Make an exact copy of the listing underneath, skipping each picture.

- _Data_
Start of Block

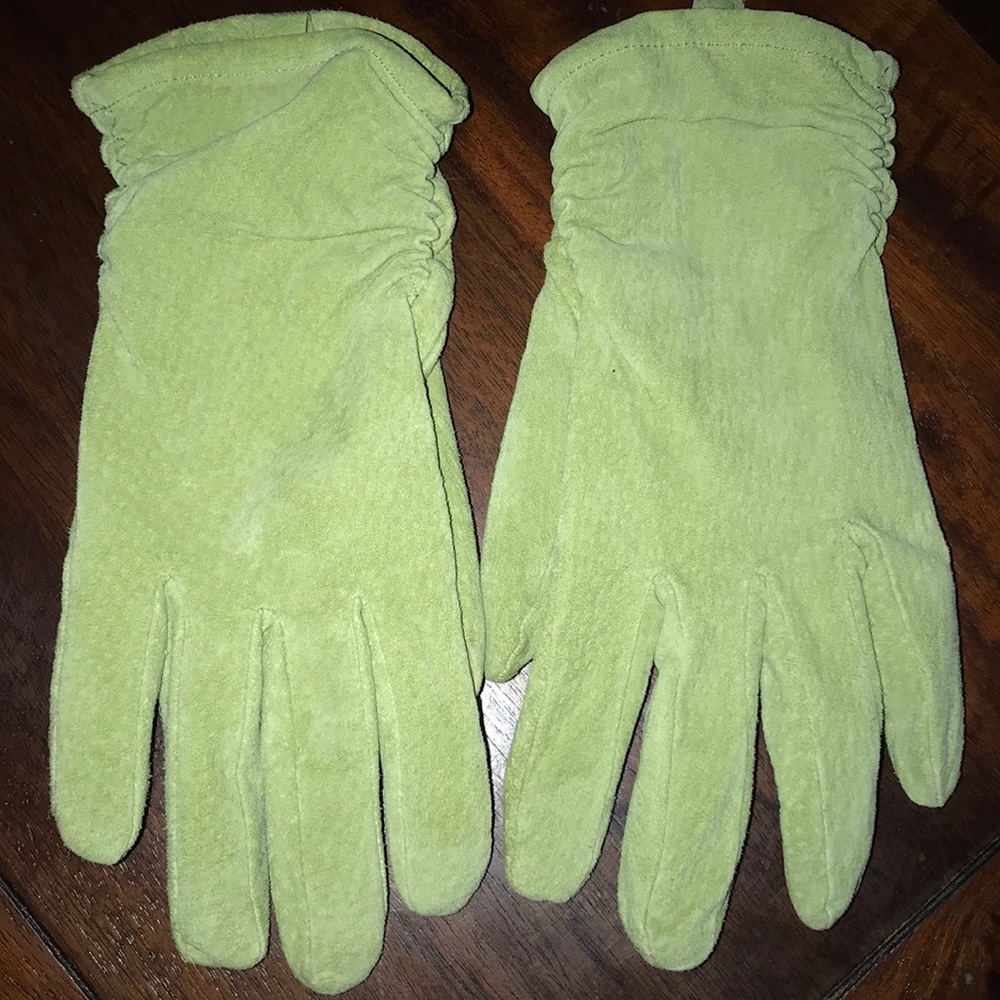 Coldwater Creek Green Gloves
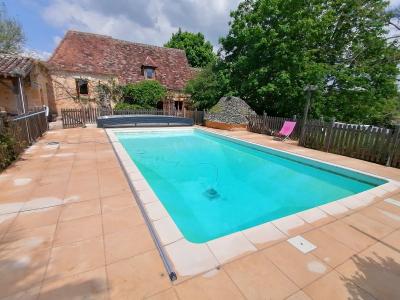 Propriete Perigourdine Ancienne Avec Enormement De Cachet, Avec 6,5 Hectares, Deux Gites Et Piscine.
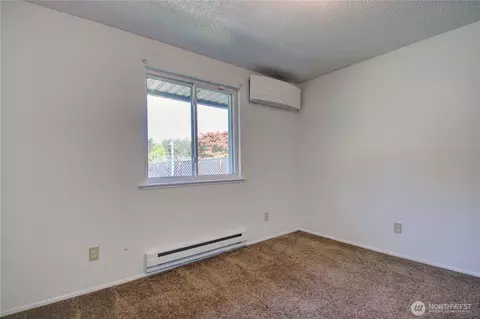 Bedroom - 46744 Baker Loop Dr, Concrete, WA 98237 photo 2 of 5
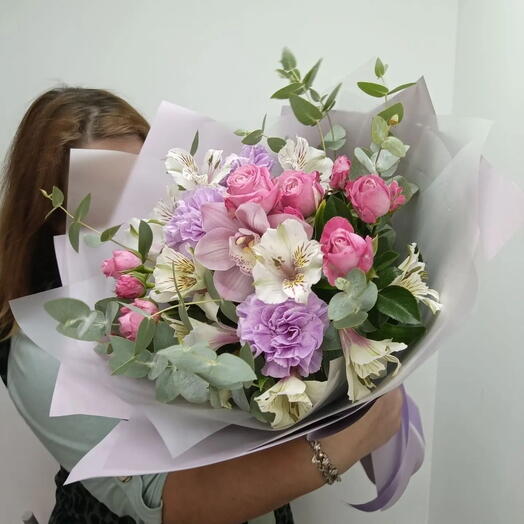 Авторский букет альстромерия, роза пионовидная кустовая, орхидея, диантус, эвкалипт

End of Block

- _Answer box_
 Coldwater Creek Green Gloves
 Propriete Perigourdine Ancienne Avec Enormement De Cachet, Avec 6,5 Hectares, Deux Gites Et Piscine.
 Bedroom - 46744 Baker Loop Dr, Concrete, WA 98237 photo 2 of 5
 Авторский букет альстромерия, роза пионовидная кустовая, орхидея, диантус, эвкалипт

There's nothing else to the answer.